= Zhang Jiebin =

Ming dynasty Chinese physician

Zhang Jiebin (張介賓 (Zhāng Jièbīn); 1563–1640) was a Ming dynasty physician and writer. In his youth, Zhang studied medicine and served in the army as an advisor. Following a successful career as a physician, he spent his final years in his native Zhejiang.

==Early life==
Zhang was born in 1563 in Shanyin (now Shaoxing), Zhejiang. He moved to Shuntian, present-day Beijing, in his early teens, where his father had been posted to serve as an honorary advisor in the military.

==Career==
In the capital, Zhang was tutored by physician Jin Mengshi (金夢石). He subsequently became a military advisor as well, and was briefly stationed in Korea, although his time in the army was generally uneventful. Returning home to pursue a full-time career as a physician, Zhang was noted for his approach to medicine, which was considered unorthodox at the time: instead of targeting the symptoms of an illness, he preferred to focus on its causes. He was able to treat illnesses that had hitherto confounded his fellow physicians and consequently earned much acclaim for his work.

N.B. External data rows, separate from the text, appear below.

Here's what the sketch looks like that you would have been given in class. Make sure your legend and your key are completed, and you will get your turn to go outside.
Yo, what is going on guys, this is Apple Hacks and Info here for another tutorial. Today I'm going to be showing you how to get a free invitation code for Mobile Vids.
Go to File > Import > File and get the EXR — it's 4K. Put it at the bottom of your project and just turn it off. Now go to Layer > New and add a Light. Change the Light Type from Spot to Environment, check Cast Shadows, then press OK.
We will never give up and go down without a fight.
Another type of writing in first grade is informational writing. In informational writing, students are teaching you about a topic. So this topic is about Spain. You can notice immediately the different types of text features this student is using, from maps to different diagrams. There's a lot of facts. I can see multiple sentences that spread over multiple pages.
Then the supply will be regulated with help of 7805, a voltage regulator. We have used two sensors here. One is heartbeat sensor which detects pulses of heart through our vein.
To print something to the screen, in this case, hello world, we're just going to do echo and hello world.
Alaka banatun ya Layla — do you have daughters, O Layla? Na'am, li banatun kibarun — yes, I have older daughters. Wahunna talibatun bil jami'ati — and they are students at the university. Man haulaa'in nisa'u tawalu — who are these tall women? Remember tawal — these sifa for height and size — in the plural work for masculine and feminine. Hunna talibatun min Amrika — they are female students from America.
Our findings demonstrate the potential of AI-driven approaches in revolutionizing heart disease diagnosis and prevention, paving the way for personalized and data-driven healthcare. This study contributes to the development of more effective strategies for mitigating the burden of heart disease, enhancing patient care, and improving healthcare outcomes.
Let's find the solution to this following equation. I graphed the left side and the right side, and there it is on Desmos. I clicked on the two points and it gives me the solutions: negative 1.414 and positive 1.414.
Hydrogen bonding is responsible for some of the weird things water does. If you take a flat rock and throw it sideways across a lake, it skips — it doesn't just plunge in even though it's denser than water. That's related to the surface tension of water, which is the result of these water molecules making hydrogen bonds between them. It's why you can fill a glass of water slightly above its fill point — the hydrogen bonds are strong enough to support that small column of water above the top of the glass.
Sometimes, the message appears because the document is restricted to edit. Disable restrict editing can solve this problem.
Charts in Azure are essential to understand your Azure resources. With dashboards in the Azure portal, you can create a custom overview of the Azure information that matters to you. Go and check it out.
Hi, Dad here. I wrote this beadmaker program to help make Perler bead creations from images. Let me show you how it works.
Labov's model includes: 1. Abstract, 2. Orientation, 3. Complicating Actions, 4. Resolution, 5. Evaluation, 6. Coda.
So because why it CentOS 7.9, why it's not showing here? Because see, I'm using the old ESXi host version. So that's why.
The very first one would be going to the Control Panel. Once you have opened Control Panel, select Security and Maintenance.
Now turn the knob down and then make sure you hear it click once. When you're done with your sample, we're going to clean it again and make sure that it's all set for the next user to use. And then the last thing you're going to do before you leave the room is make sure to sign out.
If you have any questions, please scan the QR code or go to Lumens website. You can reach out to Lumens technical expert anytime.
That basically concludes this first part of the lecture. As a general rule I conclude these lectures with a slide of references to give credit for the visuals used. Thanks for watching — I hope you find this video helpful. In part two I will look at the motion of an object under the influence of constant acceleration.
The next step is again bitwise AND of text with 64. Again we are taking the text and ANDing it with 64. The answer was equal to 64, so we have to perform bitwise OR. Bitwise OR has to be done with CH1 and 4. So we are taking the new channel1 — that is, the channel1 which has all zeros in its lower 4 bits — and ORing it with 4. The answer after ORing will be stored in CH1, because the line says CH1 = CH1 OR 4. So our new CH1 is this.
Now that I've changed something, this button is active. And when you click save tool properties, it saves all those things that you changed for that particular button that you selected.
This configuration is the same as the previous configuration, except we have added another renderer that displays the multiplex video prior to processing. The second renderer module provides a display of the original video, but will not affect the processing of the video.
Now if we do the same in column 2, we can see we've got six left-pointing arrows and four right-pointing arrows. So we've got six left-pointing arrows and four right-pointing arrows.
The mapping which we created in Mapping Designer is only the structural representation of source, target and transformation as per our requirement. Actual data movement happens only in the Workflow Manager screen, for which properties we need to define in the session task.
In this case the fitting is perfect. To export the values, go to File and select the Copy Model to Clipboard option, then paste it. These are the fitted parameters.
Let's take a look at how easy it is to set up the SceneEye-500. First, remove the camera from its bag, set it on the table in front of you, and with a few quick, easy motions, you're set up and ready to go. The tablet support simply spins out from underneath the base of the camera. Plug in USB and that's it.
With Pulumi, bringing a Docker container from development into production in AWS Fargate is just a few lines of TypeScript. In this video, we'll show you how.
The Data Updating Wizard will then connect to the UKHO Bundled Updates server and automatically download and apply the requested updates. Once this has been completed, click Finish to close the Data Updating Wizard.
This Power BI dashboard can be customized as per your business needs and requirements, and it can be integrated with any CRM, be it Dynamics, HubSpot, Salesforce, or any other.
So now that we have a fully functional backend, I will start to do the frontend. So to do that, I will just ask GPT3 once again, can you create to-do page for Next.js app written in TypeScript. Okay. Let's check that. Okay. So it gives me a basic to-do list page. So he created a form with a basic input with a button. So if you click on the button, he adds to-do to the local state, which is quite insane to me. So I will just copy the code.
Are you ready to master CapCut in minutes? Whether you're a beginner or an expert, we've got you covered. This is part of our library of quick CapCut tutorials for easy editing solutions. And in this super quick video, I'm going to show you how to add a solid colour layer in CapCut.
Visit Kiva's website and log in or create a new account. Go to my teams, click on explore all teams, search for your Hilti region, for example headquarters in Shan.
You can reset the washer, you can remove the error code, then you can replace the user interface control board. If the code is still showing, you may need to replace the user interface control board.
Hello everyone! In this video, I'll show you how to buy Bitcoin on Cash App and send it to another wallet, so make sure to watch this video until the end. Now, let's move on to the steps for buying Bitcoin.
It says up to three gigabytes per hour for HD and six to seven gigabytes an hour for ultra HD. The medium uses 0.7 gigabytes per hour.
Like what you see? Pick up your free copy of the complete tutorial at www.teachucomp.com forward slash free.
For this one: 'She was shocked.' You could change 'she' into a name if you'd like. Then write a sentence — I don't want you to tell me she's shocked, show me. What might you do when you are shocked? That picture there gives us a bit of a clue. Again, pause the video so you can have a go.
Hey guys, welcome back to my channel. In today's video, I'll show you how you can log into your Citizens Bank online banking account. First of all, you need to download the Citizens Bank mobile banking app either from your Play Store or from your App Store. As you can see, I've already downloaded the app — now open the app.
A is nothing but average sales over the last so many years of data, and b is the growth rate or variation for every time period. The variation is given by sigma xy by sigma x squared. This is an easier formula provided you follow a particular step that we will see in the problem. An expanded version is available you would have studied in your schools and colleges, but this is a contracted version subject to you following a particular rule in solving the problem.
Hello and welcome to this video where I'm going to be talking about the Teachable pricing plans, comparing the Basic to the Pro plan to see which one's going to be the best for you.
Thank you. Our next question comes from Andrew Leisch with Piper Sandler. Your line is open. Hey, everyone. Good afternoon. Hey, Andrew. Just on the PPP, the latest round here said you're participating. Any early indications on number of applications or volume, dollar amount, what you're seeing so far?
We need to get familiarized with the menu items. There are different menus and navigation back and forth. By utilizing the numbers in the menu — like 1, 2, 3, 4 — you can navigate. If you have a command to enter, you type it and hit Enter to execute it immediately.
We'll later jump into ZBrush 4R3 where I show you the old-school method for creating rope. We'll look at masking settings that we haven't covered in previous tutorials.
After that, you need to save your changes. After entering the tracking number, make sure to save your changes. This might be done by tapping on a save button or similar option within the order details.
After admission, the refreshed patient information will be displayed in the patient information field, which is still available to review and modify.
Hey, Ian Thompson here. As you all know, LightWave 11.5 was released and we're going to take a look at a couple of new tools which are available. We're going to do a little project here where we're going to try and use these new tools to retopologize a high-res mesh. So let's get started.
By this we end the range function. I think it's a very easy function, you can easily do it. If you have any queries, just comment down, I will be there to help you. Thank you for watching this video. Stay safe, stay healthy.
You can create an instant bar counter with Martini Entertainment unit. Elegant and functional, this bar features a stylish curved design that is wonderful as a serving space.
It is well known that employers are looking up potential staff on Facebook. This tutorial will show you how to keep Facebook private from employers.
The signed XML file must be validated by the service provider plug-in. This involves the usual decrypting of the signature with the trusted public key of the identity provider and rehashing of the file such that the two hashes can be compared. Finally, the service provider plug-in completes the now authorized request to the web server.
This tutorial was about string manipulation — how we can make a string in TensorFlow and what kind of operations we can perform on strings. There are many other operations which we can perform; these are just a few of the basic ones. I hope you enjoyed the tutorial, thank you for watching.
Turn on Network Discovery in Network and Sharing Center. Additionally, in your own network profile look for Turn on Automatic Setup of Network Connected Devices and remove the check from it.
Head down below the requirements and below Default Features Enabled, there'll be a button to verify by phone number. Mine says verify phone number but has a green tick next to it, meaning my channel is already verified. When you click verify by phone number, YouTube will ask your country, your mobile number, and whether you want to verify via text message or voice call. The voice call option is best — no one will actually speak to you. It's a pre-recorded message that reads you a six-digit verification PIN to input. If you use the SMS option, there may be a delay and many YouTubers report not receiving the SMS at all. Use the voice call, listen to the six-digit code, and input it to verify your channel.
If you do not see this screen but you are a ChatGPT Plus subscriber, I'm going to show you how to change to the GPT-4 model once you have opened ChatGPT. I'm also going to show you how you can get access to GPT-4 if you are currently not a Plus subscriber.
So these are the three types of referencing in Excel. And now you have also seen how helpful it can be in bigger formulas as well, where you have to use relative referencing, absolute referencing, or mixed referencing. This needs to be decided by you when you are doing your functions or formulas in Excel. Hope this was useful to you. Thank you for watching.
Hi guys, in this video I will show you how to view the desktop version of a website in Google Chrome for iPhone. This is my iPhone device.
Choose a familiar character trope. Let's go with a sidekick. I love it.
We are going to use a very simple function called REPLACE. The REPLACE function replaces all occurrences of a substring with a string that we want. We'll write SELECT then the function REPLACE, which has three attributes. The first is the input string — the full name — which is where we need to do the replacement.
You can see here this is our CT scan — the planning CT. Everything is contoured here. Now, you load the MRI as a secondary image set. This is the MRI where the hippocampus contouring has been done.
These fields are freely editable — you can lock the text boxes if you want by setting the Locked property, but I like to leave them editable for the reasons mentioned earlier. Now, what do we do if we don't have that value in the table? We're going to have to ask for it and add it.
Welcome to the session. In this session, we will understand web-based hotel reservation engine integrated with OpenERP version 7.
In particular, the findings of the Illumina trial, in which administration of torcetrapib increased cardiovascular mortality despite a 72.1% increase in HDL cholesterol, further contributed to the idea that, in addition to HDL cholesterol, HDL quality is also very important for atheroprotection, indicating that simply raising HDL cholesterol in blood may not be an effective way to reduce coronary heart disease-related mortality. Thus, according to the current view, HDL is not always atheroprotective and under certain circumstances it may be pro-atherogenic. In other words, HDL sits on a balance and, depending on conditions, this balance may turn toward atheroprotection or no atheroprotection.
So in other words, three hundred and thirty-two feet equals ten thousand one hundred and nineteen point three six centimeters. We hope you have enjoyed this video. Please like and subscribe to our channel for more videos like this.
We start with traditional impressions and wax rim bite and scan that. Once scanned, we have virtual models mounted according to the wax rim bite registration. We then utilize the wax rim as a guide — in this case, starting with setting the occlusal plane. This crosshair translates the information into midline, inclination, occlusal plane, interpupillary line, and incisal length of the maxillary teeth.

Following the death of the Wanli Emperor in 1620, Zhang returned to Zhejiang, where he would pen several medical commentaries and treatises. His first book, Leijing (類經), examined the Huangdi neijing and was first published in 1624. According to 17th-century writer Huang Zongxi, the book was "the most popular and valuable work on medicine in his day". Zhang also wrote the medical encyclopedia Jingyue quanshu (景岳全書), probably between 1620 and 1640; it was posthumously published by his grandson, who also wrote its foreword, in 1700.

==Views==
According to Zhang, the ancient philosophical text Yijing was required reading for all physicians. He also tended to incorporate neo-Confucianist and Taoist ideas into his medical writings.

In his earlier years, Zhang subscribed to a school of thought in Chinese medicine known as "nourishing the yin". However, around the age of 40, he began to take a keener interest in the "yang component" of the body, believing that good health came from the protection of organs such as the stomach and the spleen, which in turn required "warming substances" like tobacco. Zhang became one of the earliest and most influential advocates for tobacco smoking. He argued that tobacco smoke contained "vitally warming and replenishing yang qi" which would support the body's major organs and allow one to "overcome a host of ailments". On the other hand, Zhang recognised that tobacco had "some pernicious intoxicating effects". He cautioned against excessive smoking, recommending inhaling "only one or two puffs at a time".